Law Report: Duty of care is owed to names: Arbuthnott v Feltrim; Deeny v Gooda Walker; Henderson v The Merrett Syndicates - Court of Appeal (Sir Thomas Bingham, Master of the Rolls, Lord Justice Hoffmann and Lord Justice Henry), 13 December 1993.
The Court of Appeal unanimously dismissed appeals by underwriting agents of Lloyd's names from Mr Justice Saville's decision on 12 October 1993 that the underwriting agents owed a duty of care to their names.
A Lloyd's name was not a professional underwriter and appointed an underwriting agent to conduct the underwriting on his behalf. The underwriting agents, known as members' agents, were appointed under an underwriting agency agreement. The underwriting was done on behalf of the name through a syndicate of which the name, with others, was a member. Syndicates were managed by managing agents who employed a professional underwriter. The underwriting agent might be both the member's agent and managing agent, or only the member's agent but appointing a managing agent under a sub-agency agreement.
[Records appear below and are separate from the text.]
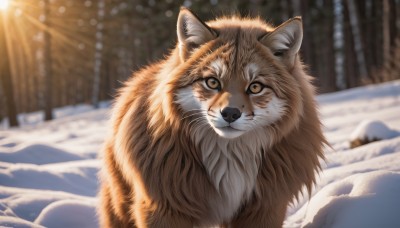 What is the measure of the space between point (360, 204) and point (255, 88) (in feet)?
3.29

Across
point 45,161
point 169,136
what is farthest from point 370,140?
point 45,161

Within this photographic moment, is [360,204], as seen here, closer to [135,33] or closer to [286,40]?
[286,40]

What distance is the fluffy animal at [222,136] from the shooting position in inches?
103

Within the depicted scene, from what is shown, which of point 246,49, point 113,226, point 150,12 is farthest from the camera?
point 150,12

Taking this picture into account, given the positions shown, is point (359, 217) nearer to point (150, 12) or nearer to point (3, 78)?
point (3, 78)

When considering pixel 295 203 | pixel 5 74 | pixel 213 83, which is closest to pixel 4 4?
pixel 5 74

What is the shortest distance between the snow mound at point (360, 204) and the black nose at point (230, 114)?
0.94 metres

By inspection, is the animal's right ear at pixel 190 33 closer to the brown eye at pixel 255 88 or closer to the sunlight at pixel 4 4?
the brown eye at pixel 255 88

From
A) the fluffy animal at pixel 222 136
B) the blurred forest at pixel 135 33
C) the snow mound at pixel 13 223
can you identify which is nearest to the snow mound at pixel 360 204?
the fluffy animal at pixel 222 136

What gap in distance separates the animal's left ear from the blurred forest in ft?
39.6

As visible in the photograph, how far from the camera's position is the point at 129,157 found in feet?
9.20

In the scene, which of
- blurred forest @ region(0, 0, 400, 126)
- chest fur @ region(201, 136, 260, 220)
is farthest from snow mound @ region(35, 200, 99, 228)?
blurred forest @ region(0, 0, 400, 126)

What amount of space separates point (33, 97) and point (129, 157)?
49.7m

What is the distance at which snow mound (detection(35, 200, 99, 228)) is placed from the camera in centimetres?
322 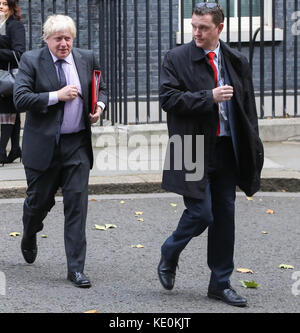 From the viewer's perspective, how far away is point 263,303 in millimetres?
5648

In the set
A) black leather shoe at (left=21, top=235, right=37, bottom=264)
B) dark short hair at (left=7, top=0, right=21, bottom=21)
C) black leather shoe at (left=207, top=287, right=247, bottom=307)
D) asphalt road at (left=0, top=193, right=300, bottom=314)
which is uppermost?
dark short hair at (left=7, top=0, right=21, bottom=21)

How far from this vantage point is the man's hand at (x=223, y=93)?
5.38 metres

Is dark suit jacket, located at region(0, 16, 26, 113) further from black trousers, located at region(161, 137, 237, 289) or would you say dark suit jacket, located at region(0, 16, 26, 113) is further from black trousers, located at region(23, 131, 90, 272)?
black trousers, located at region(161, 137, 237, 289)

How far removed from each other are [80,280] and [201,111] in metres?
1.37

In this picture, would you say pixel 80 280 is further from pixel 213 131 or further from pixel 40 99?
pixel 213 131

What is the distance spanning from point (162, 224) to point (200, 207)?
2.44 metres

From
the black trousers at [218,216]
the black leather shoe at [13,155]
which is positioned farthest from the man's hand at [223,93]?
the black leather shoe at [13,155]

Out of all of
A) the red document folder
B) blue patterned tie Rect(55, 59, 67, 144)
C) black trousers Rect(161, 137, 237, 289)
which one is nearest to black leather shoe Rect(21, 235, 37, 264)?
blue patterned tie Rect(55, 59, 67, 144)

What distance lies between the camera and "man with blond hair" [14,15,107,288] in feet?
19.8

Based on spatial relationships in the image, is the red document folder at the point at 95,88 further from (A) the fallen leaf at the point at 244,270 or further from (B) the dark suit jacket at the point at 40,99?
(A) the fallen leaf at the point at 244,270

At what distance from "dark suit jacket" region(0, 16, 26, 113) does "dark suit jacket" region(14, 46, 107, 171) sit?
413cm

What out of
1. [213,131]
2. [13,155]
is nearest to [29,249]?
[213,131]

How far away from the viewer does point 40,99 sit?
5.99 metres

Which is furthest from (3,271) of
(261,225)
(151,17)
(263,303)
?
(151,17)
Before 1987 there was no prescribed form of agreement between name and underwriting agent, but agreements were of a uniform standard. From 1987, under Lloyd's by-laws, a standard form of agency agreement became mandatory.
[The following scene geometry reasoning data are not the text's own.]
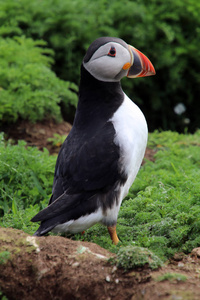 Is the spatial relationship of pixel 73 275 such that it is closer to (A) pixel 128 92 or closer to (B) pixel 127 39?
(A) pixel 128 92

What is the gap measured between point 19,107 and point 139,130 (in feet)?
9.17

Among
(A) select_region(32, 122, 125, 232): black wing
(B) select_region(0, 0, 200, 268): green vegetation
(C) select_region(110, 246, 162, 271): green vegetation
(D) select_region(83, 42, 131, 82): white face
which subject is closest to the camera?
(C) select_region(110, 246, 162, 271): green vegetation

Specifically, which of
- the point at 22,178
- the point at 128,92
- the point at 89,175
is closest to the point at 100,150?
the point at 89,175

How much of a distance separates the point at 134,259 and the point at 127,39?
6.16 meters

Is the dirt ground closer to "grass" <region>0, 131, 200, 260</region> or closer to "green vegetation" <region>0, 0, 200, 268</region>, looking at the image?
"grass" <region>0, 131, 200, 260</region>

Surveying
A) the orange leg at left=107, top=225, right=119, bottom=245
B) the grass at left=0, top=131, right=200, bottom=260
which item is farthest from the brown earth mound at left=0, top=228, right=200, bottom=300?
the orange leg at left=107, top=225, right=119, bottom=245

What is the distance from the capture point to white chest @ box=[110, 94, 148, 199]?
3.81 meters

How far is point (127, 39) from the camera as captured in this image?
8.48 meters

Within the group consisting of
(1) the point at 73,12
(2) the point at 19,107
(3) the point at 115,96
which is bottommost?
(2) the point at 19,107

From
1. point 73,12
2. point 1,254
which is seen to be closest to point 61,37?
point 73,12

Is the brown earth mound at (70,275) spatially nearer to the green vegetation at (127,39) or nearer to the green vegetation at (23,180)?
the green vegetation at (23,180)

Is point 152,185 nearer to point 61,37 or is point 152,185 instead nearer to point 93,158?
point 93,158

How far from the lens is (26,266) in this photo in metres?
3.09

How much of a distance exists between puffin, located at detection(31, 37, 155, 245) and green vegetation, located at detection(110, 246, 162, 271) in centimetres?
79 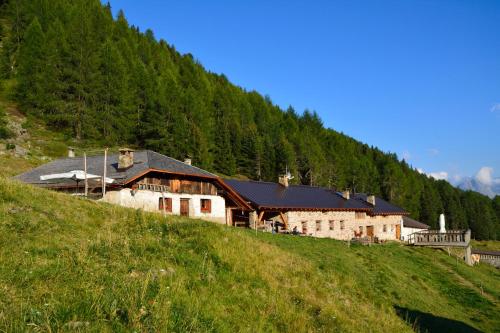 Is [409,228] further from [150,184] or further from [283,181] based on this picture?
[150,184]

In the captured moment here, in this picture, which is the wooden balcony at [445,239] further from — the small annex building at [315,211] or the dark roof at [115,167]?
the dark roof at [115,167]

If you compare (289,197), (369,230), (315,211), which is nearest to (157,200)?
(289,197)

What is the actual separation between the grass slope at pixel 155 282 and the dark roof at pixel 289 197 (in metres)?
19.3

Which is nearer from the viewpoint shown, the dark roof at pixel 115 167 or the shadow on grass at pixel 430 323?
the shadow on grass at pixel 430 323

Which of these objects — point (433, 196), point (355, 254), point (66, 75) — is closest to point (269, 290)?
point (355, 254)

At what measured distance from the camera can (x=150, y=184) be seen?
31734 millimetres

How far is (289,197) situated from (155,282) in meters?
33.1

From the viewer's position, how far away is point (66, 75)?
62719 millimetres

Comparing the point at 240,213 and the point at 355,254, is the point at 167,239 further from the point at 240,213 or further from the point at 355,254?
the point at 240,213

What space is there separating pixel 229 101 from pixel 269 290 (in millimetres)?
99820

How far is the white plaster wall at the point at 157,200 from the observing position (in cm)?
2953

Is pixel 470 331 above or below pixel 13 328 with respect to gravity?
below

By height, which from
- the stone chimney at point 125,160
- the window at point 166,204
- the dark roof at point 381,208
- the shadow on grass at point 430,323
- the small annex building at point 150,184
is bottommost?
the shadow on grass at point 430,323

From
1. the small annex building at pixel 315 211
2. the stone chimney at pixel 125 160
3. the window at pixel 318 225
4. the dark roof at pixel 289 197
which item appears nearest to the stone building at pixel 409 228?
the small annex building at pixel 315 211
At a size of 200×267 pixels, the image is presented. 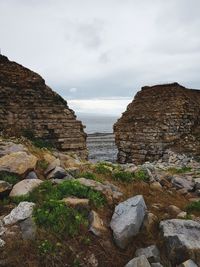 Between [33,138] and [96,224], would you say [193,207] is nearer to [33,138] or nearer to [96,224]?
[96,224]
Bernard Eder QC and Colin Edelman (Oswald Hickson Collier) for Merrett members' agents; Bernard Eder QC and David Foxton (Elborne Mitchell) for Feltrim members' agents; Bernard Eder QC and Christopher Butcher (Elbourne Mitchell) for Gooda Walker members' agents; Anthony Temple QC and John Rowland (Reynolds Porter) for Merrett managing agents; John Rowland (Clifford Chance) for Feltrim managing agents; Anthony Boswood QC and Stephen Moriarty (Moore Fisher Brown; Richards Butler) for the Merrett names and Feltrim names; Geoffrey Vos QC and David Lord (Wilde Sapte) for Gooda Walker names.
SIR THOMAS BINGHAM MR said that the first issue concerned the liability of managing agents to names before 1987. Although managing agents who were not also members' agents had control and management of the underwriting, the agent was not absolved from the duty ordinarily binding on any professional agent to exercise reasonable care and skill. Any successful claim against the agent in negligence would have to show a failure to show the standard of skill and care reasonably to be expected of such an agent at the time and with the knowledge that he had or should have had.
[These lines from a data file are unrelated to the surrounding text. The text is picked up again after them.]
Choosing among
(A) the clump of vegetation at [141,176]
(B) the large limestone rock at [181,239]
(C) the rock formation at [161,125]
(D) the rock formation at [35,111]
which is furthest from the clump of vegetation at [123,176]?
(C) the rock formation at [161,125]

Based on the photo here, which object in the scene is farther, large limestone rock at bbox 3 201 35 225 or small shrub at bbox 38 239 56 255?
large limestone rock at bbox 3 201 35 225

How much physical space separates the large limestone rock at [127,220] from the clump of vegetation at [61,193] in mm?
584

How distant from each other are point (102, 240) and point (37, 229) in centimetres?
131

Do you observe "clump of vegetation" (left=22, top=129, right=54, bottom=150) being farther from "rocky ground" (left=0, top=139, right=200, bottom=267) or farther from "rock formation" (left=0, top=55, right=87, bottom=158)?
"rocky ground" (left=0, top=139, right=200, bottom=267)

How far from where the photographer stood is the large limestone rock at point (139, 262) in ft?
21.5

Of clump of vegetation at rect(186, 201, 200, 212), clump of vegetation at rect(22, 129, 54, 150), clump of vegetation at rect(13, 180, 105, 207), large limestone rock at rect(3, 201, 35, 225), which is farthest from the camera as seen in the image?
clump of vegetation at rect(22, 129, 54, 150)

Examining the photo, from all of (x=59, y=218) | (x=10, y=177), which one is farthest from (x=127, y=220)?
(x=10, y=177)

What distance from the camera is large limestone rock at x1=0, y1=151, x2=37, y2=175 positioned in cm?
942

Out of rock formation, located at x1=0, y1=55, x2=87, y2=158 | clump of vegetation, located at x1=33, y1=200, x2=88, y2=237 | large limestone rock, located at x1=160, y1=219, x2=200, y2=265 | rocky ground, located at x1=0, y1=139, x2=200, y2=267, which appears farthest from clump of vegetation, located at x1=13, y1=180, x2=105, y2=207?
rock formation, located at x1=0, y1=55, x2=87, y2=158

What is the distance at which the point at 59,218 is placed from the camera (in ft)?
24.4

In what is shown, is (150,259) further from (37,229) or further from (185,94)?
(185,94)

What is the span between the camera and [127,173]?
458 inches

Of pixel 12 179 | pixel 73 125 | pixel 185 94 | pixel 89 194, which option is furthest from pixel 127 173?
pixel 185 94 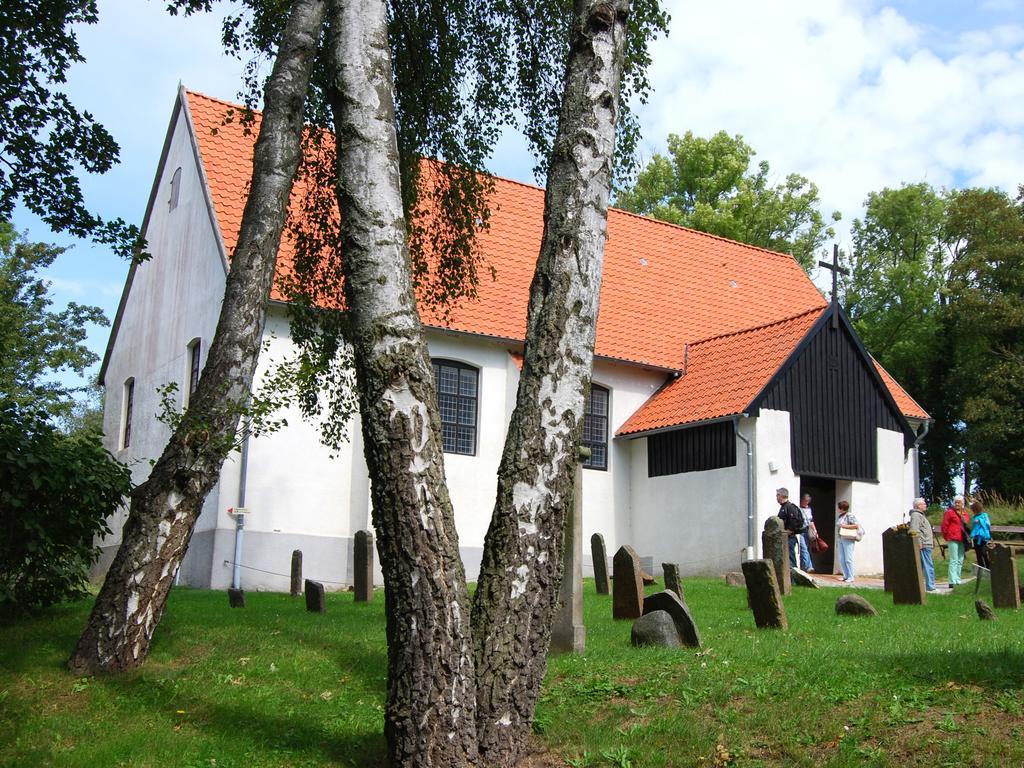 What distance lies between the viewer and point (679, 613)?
9984mm

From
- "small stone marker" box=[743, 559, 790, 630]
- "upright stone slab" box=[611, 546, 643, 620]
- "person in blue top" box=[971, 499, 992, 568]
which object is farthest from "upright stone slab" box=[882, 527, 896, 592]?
"person in blue top" box=[971, 499, 992, 568]

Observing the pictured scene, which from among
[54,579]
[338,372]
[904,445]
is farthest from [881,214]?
[54,579]

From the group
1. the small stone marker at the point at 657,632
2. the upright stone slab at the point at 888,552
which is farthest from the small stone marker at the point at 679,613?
the upright stone slab at the point at 888,552

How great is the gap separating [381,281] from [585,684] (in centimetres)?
341

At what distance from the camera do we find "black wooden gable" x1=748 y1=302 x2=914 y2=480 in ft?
76.8

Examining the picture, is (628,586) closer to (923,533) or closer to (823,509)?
(923,533)

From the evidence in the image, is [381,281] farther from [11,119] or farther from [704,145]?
[704,145]

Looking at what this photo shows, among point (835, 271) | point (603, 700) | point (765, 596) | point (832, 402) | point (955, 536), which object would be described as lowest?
point (603, 700)

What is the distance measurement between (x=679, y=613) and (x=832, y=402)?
15.2 m

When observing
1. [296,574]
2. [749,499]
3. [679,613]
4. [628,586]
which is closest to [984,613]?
[628,586]

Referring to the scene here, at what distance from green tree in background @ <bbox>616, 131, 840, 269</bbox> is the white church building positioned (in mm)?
16482

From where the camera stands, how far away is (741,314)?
96.4 ft

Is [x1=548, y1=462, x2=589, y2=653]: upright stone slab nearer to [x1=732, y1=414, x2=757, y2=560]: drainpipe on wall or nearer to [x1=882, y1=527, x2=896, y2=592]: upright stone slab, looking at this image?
[x1=882, y1=527, x2=896, y2=592]: upright stone slab

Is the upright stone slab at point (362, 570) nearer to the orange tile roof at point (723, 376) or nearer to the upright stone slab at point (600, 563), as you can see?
the upright stone slab at point (600, 563) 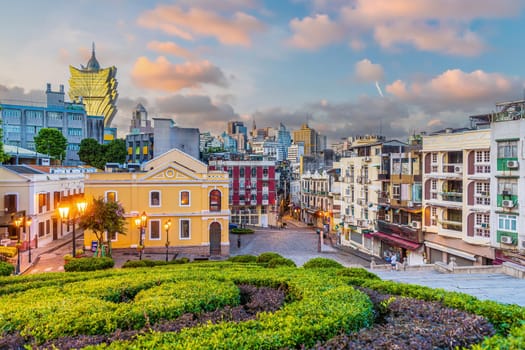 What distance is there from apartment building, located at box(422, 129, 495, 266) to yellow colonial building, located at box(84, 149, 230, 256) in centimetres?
1755

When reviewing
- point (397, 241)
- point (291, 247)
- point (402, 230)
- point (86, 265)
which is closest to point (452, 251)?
point (402, 230)

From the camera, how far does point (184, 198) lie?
3097 cm

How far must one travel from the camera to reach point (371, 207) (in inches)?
1467

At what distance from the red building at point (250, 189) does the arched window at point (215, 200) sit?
2045cm

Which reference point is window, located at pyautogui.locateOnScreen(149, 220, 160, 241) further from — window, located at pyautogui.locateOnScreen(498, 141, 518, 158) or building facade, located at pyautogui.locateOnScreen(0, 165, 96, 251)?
window, located at pyautogui.locateOnScreen(498, 141, 518, 158)

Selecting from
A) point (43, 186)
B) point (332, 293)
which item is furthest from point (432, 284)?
point (43, 186)

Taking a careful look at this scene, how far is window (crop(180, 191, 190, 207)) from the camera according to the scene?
3089cm

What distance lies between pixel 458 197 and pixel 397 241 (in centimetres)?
708

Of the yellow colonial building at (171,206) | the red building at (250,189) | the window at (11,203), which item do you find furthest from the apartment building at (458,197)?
the window at (11,203)

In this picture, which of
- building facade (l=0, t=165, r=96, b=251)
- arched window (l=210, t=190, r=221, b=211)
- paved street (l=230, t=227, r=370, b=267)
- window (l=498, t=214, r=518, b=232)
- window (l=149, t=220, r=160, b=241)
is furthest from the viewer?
paved street (l=230, t=227, r=370, b=267)

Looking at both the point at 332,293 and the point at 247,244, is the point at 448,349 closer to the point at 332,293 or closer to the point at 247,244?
the point at 332,293

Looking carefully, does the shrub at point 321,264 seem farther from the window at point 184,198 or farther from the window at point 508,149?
the window at point 184,198

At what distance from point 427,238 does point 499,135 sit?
10.1 m

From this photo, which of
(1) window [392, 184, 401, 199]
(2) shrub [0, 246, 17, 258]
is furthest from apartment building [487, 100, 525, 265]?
(2) shrub [0, 246, 17, 258] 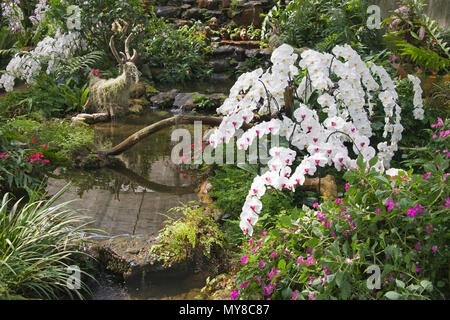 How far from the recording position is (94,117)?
6.93 meters

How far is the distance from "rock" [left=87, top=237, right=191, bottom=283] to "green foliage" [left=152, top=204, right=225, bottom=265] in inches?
2.4

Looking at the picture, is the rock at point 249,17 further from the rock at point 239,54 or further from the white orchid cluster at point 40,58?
the white orchid cluster at point 40,58

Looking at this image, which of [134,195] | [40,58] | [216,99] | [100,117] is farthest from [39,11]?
[134,195]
The managing agents owed a tortious duty to the names to take reasonable care not to cause them economic loss. It was not easy to think of a non-contractual commercial relationship in which a duty of care more obviously ought to exist than the relationship of managing agent and name.
Where the managing agents were also members' agents and therefore in direct contractual relations with names, the argument that the contract governed relations between them and regulated the duty of care so that the court would not impose a concurrent duty of care in tort should be rejected. The names did not rely on the law of tort to provide a duty more extensive or far-reaching than the contractual duty, even though the names gained the benefit of a more advantageous limitation period.
Under the post-1987 agreements, members' agents who were not also managing agents were prevented from carrying out the underwriting but had a comprehensive power to delegate. Under the plain meaning of the agreement the members' agents did undertake to conduct on behalf of the name the underwriting business of the name, including the functions which the managing agents performed.
If any underwriting transaction was conducted without reasonable care and skill, it would not avail members' agents to demonstrate that other underwriting transactions were properly conducted. Mr Justice Saville's rulings would be affirmed.